Bongard: We’ve learned that more than anything, how resilient we are. You always hope you would be, you always think you would be, but you don’t know until times of trouble. Traditionally, we have no one working from home but during the pandemic we had 80%. We learned that during times of pressure you can create some very good initiatives. As mentioned before, we were already going through our business continuity plans and were prepared. The other thing was we were really proactive in meeting about what was happening overseas before it really hit even the U.S. We also learned that technology truly is the backbone of everything we do and utilized it more than ever. Virtually officing and virtual communication has become almost the norm. We learned we can do this remote. We learned we can get through it. But it still doesn’t take the place of face-to-face and in-person touches.
In long term, has virtualization changed to some extent the way you may do some sales presentations or hiring practices?
Bongard: Absolutely, especially some initial interviews. We had many virtual lunch-and-learns. We held some mini-conferences with our customers. It was tough at first to keep people engaged. We had to shift gears to make it more interactive and interesting. I think we all learned as an industry how to get through that and make it better going forward.
Perhaps some of the skills gained from that will add efficiencies down the line?
Bongard: Yes, especially training. Traditionally, we all had to send people off to a different state or somewhere else. You’re incurring costs and salaries or wages of some kind, per diem out of the office and hotel. During the pandemic, a lot of it was offered virtually and it was fantastic. I’m looking forward to more of that. It’s just more efficient for companies and for who’s offering as well.
Boulgarides: We were already a virtual company so that part of it was not a big deal, but I never thought I had to have 1,000 masks or cases of hand sanitizer in my warehouse. I do now in case something like this ever happens again. When this thing hit, we had nothing. I was going down to the garment district in downtown L.A. and having them make us masks. This whole process, overall, as a company we’re now better prepared if this happens again. This may be the new normal as this moves forward. We were fortunate as a company in that although we had some cases of COVID everyone did a good job following the guidelines to minimize spread.

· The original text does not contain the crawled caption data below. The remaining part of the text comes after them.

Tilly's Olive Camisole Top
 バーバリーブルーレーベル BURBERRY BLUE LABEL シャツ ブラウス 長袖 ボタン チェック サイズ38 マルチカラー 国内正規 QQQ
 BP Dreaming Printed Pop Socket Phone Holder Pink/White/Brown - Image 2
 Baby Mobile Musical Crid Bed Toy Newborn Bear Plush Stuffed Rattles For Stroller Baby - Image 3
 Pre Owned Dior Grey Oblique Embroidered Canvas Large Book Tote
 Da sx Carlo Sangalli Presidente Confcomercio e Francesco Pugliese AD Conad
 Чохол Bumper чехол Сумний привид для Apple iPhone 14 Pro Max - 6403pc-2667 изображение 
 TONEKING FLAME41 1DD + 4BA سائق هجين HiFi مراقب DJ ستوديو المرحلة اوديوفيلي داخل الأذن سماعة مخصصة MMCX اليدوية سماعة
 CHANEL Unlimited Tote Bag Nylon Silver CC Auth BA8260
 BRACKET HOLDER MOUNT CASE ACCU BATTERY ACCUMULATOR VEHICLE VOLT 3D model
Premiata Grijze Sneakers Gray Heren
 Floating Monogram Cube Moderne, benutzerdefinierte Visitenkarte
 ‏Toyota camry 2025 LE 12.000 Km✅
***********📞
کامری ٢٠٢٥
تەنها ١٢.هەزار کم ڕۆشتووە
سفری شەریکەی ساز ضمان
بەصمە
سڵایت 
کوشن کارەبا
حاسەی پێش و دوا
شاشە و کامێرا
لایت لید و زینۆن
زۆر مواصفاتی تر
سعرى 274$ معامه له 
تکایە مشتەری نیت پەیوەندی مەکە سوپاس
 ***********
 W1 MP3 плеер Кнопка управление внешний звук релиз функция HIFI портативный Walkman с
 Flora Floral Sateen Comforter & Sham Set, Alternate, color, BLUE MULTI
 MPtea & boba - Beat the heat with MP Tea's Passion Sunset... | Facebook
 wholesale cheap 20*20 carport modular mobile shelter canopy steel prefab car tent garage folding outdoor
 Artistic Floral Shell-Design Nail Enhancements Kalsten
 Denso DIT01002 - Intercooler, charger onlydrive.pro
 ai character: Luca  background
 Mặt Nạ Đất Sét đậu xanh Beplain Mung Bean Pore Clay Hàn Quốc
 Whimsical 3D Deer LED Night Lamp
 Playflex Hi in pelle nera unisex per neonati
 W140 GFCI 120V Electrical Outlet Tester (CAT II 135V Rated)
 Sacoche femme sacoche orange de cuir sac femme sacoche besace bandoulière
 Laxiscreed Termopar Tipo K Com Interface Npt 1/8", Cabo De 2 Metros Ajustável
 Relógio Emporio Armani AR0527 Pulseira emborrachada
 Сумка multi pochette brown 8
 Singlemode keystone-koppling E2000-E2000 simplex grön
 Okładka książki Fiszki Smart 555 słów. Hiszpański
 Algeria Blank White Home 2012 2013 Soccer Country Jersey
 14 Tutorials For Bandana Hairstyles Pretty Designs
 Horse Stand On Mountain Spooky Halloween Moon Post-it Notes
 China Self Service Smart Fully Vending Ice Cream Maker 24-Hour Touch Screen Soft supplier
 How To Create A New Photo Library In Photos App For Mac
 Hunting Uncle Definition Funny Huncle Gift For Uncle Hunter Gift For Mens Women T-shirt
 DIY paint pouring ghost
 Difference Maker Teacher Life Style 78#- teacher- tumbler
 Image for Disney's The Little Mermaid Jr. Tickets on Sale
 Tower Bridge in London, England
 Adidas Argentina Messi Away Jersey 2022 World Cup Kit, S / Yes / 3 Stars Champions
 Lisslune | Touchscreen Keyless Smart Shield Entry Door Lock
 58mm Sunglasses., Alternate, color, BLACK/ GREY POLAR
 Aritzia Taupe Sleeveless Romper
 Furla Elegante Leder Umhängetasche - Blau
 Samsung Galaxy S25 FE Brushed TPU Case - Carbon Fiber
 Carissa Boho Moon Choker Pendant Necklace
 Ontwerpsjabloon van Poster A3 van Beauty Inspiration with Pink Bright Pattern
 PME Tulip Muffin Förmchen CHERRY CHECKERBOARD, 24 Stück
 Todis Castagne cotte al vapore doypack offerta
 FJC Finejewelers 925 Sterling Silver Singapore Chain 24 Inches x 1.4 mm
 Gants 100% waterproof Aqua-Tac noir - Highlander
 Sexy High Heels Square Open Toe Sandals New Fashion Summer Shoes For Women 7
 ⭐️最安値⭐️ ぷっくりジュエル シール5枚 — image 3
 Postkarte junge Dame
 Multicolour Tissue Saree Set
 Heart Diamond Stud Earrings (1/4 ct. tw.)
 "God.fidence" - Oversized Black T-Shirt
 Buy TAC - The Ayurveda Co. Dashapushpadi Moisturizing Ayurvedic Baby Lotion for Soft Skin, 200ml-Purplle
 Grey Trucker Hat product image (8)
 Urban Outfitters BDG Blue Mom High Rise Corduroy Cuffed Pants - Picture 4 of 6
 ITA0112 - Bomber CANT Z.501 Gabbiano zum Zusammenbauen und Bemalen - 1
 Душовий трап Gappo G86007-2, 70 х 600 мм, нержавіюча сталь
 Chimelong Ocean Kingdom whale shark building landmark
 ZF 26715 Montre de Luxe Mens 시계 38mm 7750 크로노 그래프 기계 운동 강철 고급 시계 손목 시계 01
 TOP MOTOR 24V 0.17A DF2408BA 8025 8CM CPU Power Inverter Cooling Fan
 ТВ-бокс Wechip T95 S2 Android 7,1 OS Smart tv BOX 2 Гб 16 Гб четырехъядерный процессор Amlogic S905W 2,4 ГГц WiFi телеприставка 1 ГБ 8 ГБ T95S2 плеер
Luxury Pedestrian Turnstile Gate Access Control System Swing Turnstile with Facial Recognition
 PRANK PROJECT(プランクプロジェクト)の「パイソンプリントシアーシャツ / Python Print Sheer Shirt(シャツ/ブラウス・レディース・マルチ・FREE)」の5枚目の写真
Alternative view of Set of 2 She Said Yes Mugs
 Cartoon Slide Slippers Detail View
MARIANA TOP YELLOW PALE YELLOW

The experience reinforced our business strategy to diversify as you don’t want to have all your eggs in one basket. Thank God I didn’t have all my eggs in the office space basket or else I wouldn’t be doing this interview right now. Managed services is really important, and we need to redouble our efforts there. It was one of the reasons we were able to get through this. It wasn’t enough to cruise through, but it helped a lot. A lot of things we were doing were reinforced as being on the right track; it was a wake-up call to double down on those things. It added a sense of urgency because there were a few gut checks along the way.